Our latest Bookshop of the Month is Third Place Books, which has multiple locations in and around Seattle, Washington. Founded in 1998, Third Place “is the deliberate and intentional creation of a community around books and the ideas inside them.” The name comes from sociologist’s Ray Oldenburg’s suggestion that each of us needs three places: the home, the workplace or school, and the place where people from different walks of life interact and celebrate their commonality and diversity.

We had the pleasure of catching up with author events manager Spencer Ruchti.

What do you think is special about Third Place Books?

What other bookstore’s event series can host Olga Tokarczuk and Saša Stanišić, your grandmother’s favorite mystery writer J.A. Jance, a robust lineup of debut romance authors, and somehow find the audience for each? That’s Third Place Books. There’s room for everyone.

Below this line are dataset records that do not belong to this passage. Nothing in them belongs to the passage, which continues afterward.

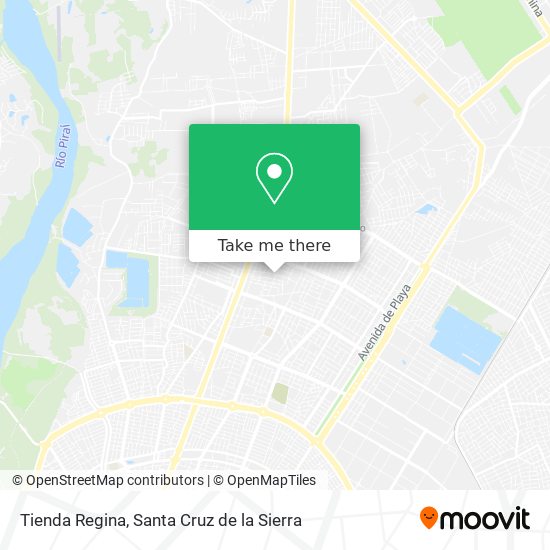 Tienda Regina map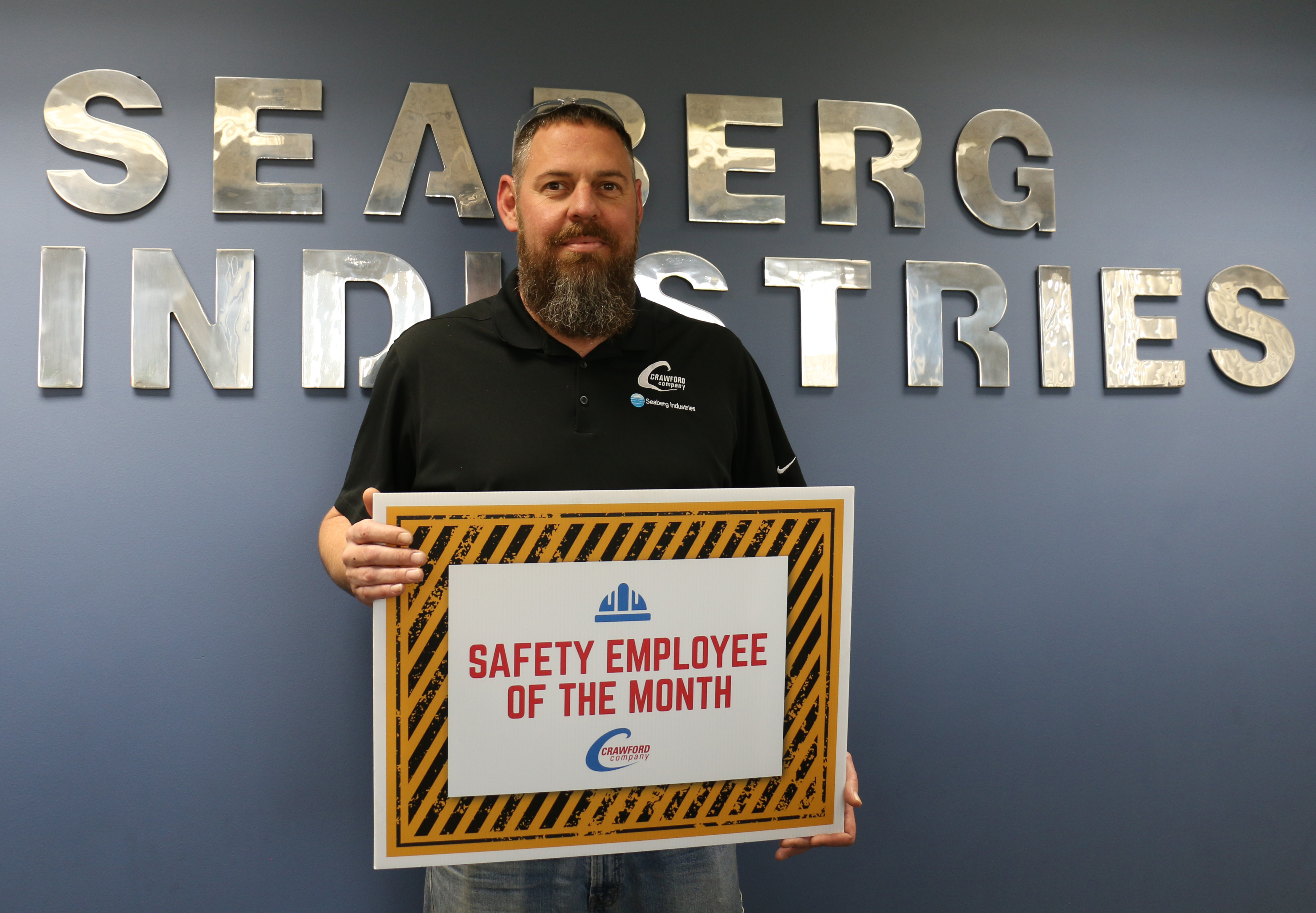 Crawford Company › Joe Pratt Recognized as April Safety Award Recipient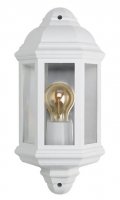 Bell Retro Half Lantern White (lamp not included) - (10364)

As far as the event series goes, I lean on our booksellers to tell me who they want to speak at the store, and then I seek those authors out. The result is an author series that’s as diverse as our collective tastes, and I think that’s not just beautiful and messy, but exactly what a bookstore should be: accepting to all readers, mutually curious, and open to the possibility of finding literature outside of your mien. Imagine if we all picked up books based solely on “the last good book” we read, which is a common question booksellers ask customers who don’t know what they’re looking for. I would have never listened to the bookseller who placed Thomas Bernhard’s Gargoyles into my hands. I would never have developed a perverse obsession with literature in translation. Curiosity is a large part of having good taste.

If money was no object, what changes would you make to your bookshop?

We’ve all seen the beautiful New York Review Books spinner racks, dedicated to that perfect constellation of ephemera that makes up the NYRB list. I would buy a dozen of those and dedicate each to a different publisher’s backlist: New Directions, Transit, Fitzcarraldo, Coffee House, And Other Stories, all of those colophons lined up with geometric precision. I wish more readers understood that who publishes a book says just as much a title as who wrote it.

(But if money was really no object, I would want a second floor for events with 800 comfortable chairs that I never have to store, a $10,000 A/V setup for livestreaming, and an open bar every evening for attendees. Also, three full-time assistants.)

How / why did you get into bookselling?

Like most people: I enjoyed books. I also needed a job. I’ve tried to quit several times, but unfortunately I’m here to stay.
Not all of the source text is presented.